Steven Soderbergh, after seven years of research and documentation, provides you with another version of Dr. Ernesto Guevara de la Serna. Four hours of careful, detailed, at times meticulous, documentary-style biography, divided into two episodes: the first, the subject of the review, on his participation in the Cuban revolution, from the landing at Playa de las Coloradas to the capture of Santa Clara, and the reconstruction of the speech delivered at the United Nations, as Minister of Industry in Castro's government; the second, "Guerrilla", set on the battlefields of the Bolivian forest until his death in 1967.
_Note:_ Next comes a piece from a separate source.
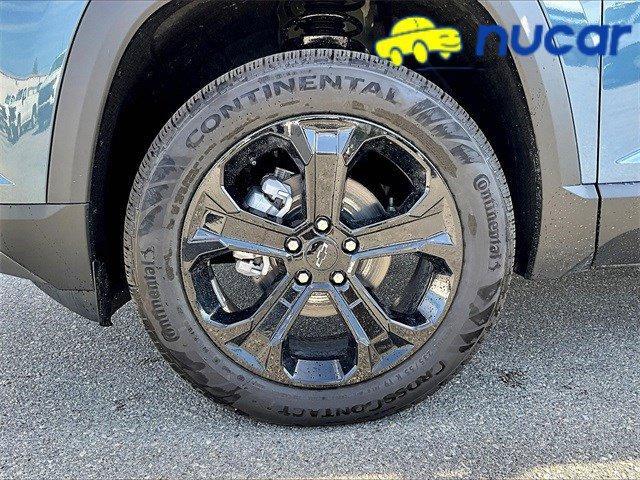 new 2026 Chevrolet Equinox car, priced at $30,275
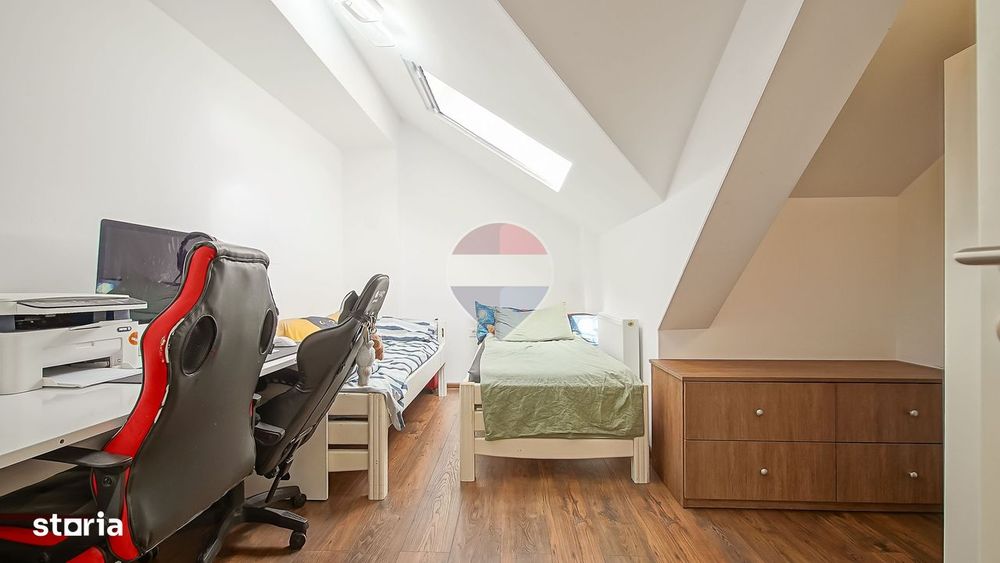 Apartament 3 camere, terasă generoasă, lift și 2 locuri de parcare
"The Argentine" begins with the meeting in Mexico of Ernesto Guevara and Fidel Castro (a Demián Bichir with an almost hypnotic gesturality) and quickly continues with the landing in Cuba of the 82 rebels aiming for the overthrow of dictator Fulgencio Batista. The action continues in the jungle of the Sierra Maestra where the ranks of the July 26 Movement grow thanks to spontaneous enlistment. The story through episodes described in the "Diary of the Cuban Revolution" alternates, in a succession of flashbacks, with the black and white of an interview given in New York during the 1964 visit and with the famous speech attacking U.S. imperialism held at the UN, concluded with the famous proclamation "Patria o muerte." With these inserts, it almost seems as if Guevara's words act as an explanation and ideological basis for the actions of the liberation struggle with which they alternate. This choice to represent guerrilla actions in a raw and realistic manner, but fragmented into microepisodes, makes the reconstruction lose effectiveness, intensity, and pathos.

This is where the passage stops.